Who are we talking about?
We’re defining the mass affluent segment as households with $100,000 to $1 million in investable assets. By Nielsen figures, the group makes up 11 percent of U.S. households and controls 26 percent of the country’s wealth.¹
By generation, Baby Boomers (41 percent) and Gen Xers (37 percent) make up the majority of this group, while millennials comprise just 9 percent.2,3
Next, we overlayed the mass affluent segment with what Accenture dubbed Generation D (for digital, of course): 75 million consumers “who are deeply digital, integrating online and social technologies into the fabric of their lives.”4
As a general rule, Gen Z is still too young to fit the investable asset criteria we set for mass affluent consumers. (In one study, at least, mass affluent for this segment of 18 to 22-year-olds was defined as investable assets of $50,000 to $250,000; or $20,000 to $50,000 with a minimum annual income of $50,000.)5 Nonetheless, they’ve already been nicknamed the Digital Generation, which makes them worthy of including in this discussion.
What makes them different — and what does it mean to you?

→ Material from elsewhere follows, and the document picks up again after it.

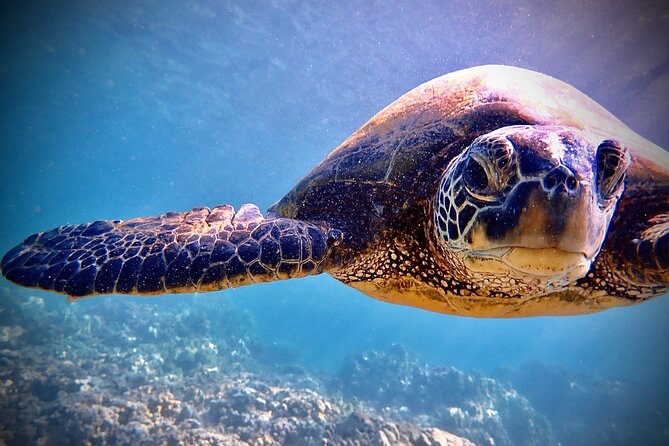 Private and Personalized Scuba Diving Adventures for All Experience Levels - What the $250 price buys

Like other mass affluents, wealthy Generation D consumers have high expectations for customer service. They want personalization, convenience and flexibility in their banking and investment interactions. And, of course, they’re keyed-in to digital technology. In fact, with 28 percent of all retail bank customers now digital only, you can be assured a larger proportion of this group fits that profile.6
But what does that mean in terms of banking? In general terms, it means that you need to offer service levels via digital channels that match (or surpass) what you offer in-branch. You need to ensure that your communications are accessible — and provide a top user experience — across all types of digital devices. And you have to offer the digital-based banking features and functions that this group values, from basic online and mobile banking to advanced investment platforms, helpful online tools and advice, multiple payment methods and more.
In the rest of this article, we’ll take a closer look at what Generation D values and offer some examples of how your financial institution can provide it.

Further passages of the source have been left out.